Private build address this issue where a developer can shelve the changes in a shelve-set and queue a private build.
While queueing the private build, queue new build wizard would ask ‘What do you want to build?”. (see following screen shot to understand).
Either workspace item could be selected or second option ‘workspace item with shelveset’ could be selected.
In this case, TFS build controller will get the latest source code from the source control and additional it would also download changes from the shelve-set specified. This combination will be used to prepare a build.
There is another option while queueing a new build to select. “Check in changes after successful build”. If this option is selected, successful build will check-in the changes available in the shelve-set.
These types of build are not uncommon in developers. It is mostly a practice where a developer gets the latest source; update the changes and build to verify his/her changes does not break the build. CI builds also does the same thing however if build is broken because of a wrong check-in could still impact the whole team.
In case of private build it works prior to the actual check in and everything happens in isolation to the source control.
In order to ensure that private builds are copied to a separate area, drop location for the private build could be specified in the build process of the build definition.
Under the advance options there is an item as “Private Drop Location”, any build done as ‘Private build’ would be dropped in the specified location. This is useful if any particular test is needed with help of binaries.
After successful build, TFS publishes the outcome of the build validation to indicate whether shelve-set included in the build is fine. Build summary published by TFS Build gives information about validated shelve-set as well indicating that they have been checked in.
However, if build is failed due to either compilation or test failure. Changes indicated in the shelve-set will not be checked in. This is really something very nice to use TFS Build system as a quality gate to ensure all the changes going in the source control are in compile state and tested.
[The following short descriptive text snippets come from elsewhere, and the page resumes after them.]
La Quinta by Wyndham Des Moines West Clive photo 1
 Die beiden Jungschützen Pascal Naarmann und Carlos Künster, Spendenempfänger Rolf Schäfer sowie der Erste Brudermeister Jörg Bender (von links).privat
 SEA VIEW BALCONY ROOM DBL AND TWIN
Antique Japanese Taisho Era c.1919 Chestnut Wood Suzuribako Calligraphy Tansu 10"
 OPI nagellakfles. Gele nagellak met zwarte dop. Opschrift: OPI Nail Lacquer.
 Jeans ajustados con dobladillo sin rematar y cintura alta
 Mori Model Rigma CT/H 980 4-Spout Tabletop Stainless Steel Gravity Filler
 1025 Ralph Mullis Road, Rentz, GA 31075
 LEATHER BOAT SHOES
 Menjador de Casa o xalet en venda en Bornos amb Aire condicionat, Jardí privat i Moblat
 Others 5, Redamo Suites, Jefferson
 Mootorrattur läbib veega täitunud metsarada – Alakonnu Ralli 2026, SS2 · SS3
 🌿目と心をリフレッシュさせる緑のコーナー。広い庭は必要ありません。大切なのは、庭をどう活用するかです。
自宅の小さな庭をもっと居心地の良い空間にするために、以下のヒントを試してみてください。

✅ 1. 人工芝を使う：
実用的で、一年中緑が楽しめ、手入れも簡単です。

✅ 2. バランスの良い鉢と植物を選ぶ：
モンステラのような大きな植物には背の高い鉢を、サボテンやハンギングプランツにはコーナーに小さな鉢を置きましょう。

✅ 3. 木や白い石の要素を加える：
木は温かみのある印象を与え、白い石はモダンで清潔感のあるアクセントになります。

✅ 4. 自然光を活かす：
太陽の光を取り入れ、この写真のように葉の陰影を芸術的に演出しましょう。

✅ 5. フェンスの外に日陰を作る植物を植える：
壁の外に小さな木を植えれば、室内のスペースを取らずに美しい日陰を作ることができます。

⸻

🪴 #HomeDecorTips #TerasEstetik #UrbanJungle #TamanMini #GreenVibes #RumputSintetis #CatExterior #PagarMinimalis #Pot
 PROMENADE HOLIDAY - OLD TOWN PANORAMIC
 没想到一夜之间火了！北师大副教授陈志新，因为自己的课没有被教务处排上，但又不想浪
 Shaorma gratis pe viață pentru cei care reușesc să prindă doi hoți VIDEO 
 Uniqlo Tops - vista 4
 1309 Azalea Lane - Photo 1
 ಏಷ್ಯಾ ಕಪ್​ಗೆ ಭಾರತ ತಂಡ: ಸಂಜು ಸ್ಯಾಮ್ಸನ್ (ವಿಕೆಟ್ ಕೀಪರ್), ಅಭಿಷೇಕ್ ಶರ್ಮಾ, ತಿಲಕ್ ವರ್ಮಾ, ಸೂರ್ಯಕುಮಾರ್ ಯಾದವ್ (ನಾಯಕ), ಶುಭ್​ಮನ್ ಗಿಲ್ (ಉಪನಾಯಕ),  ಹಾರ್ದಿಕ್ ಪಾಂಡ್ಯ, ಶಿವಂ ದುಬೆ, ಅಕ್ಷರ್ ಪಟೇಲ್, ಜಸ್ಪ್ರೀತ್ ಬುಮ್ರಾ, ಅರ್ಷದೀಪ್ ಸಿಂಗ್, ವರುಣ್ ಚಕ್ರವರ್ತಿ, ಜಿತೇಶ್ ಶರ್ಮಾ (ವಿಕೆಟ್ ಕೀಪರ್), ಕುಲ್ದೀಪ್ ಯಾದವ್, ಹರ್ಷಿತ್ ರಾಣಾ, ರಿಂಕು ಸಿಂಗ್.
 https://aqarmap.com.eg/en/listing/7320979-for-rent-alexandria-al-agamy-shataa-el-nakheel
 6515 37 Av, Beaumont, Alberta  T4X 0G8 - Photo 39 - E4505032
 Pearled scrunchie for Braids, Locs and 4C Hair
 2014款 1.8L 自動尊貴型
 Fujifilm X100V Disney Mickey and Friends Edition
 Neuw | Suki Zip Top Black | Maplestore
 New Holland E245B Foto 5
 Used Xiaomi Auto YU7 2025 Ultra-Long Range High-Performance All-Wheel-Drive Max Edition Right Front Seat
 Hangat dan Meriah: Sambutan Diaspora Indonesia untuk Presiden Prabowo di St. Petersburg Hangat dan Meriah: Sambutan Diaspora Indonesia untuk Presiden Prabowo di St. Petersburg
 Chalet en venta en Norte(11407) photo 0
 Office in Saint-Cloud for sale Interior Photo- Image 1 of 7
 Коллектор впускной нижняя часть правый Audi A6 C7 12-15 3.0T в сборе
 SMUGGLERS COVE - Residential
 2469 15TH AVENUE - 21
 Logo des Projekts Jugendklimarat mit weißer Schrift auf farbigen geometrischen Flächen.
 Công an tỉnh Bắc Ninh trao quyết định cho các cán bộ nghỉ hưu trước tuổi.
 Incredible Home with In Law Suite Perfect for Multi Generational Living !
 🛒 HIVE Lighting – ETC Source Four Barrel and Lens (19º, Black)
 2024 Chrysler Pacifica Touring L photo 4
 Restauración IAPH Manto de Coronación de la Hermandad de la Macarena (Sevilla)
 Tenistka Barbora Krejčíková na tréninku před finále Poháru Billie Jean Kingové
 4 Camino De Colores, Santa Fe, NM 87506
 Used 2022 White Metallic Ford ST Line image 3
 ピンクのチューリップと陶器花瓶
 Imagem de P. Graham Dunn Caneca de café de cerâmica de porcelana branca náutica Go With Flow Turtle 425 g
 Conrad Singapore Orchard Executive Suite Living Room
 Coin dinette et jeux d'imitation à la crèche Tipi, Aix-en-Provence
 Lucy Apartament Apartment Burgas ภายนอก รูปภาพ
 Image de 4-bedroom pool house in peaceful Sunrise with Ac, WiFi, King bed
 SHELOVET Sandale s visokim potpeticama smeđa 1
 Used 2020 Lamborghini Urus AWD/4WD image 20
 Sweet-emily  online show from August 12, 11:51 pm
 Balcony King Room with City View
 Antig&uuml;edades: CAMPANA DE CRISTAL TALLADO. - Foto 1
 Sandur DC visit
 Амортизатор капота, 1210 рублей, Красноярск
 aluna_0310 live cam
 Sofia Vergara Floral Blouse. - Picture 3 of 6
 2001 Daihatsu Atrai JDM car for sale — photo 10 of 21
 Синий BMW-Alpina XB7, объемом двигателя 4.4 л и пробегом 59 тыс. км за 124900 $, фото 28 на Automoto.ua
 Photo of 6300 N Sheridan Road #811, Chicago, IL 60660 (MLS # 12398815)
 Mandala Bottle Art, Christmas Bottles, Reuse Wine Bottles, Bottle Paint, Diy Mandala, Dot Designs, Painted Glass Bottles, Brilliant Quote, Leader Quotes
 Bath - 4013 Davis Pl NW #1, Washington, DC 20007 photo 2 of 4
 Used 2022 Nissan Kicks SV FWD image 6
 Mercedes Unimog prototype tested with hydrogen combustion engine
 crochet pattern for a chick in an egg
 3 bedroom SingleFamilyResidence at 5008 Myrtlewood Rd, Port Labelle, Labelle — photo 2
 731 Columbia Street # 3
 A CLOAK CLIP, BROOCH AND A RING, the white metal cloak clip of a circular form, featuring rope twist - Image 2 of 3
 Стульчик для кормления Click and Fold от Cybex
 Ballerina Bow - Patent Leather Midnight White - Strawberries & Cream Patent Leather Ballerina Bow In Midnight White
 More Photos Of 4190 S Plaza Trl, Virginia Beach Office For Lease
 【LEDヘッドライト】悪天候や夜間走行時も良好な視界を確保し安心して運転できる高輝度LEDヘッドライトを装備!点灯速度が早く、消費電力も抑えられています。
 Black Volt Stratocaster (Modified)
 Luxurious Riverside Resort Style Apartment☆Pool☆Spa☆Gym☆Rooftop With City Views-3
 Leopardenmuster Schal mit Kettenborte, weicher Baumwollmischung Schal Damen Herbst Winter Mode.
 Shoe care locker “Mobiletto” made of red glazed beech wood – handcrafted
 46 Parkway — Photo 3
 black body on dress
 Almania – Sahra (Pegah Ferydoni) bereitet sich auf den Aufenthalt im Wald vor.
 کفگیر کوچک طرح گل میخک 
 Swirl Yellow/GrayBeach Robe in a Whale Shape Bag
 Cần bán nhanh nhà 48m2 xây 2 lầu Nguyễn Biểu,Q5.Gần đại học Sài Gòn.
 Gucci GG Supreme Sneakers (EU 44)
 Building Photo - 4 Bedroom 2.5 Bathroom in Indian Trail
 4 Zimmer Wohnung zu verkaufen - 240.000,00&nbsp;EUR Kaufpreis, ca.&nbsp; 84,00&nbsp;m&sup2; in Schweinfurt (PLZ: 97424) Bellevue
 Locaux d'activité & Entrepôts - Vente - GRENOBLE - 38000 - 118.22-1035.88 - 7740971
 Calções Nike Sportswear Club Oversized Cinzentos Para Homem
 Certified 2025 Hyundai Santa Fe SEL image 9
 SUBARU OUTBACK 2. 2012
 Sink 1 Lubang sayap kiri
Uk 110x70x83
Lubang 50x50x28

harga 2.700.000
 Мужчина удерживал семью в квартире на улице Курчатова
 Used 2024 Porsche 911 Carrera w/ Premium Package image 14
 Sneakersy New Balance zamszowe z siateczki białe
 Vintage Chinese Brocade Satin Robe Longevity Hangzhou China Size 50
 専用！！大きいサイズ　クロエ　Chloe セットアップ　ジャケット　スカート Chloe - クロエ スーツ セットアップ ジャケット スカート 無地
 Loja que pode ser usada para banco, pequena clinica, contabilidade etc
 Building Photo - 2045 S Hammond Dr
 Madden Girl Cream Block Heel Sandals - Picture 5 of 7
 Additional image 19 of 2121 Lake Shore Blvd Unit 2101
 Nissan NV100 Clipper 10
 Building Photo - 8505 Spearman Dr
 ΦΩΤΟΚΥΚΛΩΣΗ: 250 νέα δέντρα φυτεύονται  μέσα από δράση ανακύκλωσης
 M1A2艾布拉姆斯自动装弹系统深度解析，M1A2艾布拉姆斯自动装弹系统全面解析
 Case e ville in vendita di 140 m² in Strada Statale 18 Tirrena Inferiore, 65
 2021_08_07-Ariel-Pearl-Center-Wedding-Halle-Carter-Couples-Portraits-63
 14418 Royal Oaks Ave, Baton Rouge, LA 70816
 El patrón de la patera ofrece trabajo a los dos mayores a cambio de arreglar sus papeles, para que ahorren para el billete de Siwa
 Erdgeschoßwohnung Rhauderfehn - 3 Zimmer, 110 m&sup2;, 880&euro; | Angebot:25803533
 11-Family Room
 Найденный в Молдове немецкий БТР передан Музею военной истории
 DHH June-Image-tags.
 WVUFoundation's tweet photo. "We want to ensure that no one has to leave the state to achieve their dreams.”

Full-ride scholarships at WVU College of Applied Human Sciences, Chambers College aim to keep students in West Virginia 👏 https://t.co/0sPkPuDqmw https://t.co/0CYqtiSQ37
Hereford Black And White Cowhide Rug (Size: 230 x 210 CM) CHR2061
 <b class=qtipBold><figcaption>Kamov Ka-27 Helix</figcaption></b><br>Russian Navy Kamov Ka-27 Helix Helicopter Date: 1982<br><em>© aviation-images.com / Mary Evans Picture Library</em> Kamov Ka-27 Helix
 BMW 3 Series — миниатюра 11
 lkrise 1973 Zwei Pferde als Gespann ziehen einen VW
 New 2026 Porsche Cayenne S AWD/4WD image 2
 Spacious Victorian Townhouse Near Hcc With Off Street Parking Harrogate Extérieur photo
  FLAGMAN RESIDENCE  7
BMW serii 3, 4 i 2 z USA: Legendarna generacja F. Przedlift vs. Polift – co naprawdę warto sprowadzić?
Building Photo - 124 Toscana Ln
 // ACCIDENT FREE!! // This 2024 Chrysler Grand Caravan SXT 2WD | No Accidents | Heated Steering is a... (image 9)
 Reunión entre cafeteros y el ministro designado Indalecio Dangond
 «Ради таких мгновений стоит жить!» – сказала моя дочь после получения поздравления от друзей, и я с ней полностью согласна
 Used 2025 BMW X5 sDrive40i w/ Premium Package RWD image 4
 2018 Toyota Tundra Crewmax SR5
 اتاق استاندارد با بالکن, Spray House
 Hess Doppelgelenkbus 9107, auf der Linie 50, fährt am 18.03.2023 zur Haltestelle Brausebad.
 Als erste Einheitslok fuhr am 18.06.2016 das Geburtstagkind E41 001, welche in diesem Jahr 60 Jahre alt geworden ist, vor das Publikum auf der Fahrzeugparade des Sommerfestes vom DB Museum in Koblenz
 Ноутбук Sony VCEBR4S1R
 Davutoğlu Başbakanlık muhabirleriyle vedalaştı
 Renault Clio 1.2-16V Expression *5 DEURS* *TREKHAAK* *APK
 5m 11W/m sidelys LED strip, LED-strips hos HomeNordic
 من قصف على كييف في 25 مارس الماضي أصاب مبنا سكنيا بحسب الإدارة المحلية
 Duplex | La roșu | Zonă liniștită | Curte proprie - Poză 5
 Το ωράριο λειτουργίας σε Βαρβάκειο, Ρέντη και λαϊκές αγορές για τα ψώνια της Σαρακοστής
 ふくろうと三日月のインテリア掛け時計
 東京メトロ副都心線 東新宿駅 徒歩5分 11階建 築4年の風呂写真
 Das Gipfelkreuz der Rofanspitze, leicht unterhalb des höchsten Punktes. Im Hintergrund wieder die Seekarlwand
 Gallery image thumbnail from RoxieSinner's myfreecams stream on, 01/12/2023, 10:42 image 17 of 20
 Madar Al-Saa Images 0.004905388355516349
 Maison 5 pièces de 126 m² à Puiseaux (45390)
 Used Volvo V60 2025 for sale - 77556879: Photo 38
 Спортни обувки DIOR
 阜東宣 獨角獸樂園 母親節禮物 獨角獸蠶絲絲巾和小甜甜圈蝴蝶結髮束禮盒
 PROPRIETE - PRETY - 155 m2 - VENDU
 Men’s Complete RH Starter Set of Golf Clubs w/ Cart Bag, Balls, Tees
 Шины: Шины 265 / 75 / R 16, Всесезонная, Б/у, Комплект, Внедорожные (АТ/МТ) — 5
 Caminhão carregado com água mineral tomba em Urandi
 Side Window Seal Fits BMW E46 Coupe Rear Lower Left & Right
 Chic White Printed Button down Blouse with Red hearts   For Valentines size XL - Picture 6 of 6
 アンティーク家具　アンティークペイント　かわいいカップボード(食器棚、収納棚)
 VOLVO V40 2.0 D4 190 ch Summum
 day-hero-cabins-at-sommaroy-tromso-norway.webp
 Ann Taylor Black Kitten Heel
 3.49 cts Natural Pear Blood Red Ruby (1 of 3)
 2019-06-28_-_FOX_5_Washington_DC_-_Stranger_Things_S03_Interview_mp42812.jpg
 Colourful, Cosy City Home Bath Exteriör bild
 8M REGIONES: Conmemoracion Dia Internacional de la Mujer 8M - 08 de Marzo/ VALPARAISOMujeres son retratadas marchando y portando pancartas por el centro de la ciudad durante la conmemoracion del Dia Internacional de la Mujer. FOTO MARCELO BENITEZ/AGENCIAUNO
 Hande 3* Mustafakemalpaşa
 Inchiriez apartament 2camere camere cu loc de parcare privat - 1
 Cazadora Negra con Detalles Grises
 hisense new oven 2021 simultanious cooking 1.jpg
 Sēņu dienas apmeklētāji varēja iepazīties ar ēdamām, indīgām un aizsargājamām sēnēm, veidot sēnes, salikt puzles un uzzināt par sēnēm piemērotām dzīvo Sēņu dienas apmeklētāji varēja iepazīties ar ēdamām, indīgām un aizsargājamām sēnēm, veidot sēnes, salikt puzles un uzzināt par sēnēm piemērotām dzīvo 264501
Private builds (Gated check-ins) are really a great feature of TFS2010. It helps you to achieve benefit of Test Driven Development. What we have been doing now is,
- Write the test cases for each and every rule/requirement specified in the user story (use cases are broken into various small requirement called as user story).
- Complete the development of user stories by developing the code which makes test cases pass.
- Shelve all the test cases code and changes done in the code.
- Request TFS Build to do a private build including the shelve-set.
- TFS verifies and ensure changes in the shelve-set are in compile state and working as per the expectations set in test cases.
- Changes checked in by TFS build using the comments and work item associated with shelve-set specified.
Even if there is any team not using TDD approach could utilize private builds in many scenario where there is concern as “Will my changes break the source code integrity?”.
There are some open source tools available which could help implementing a ‘Delayed Check-in’ process where developer could simply complete the development and shelve their changes. This tool will validate the changes and check in if they are valid.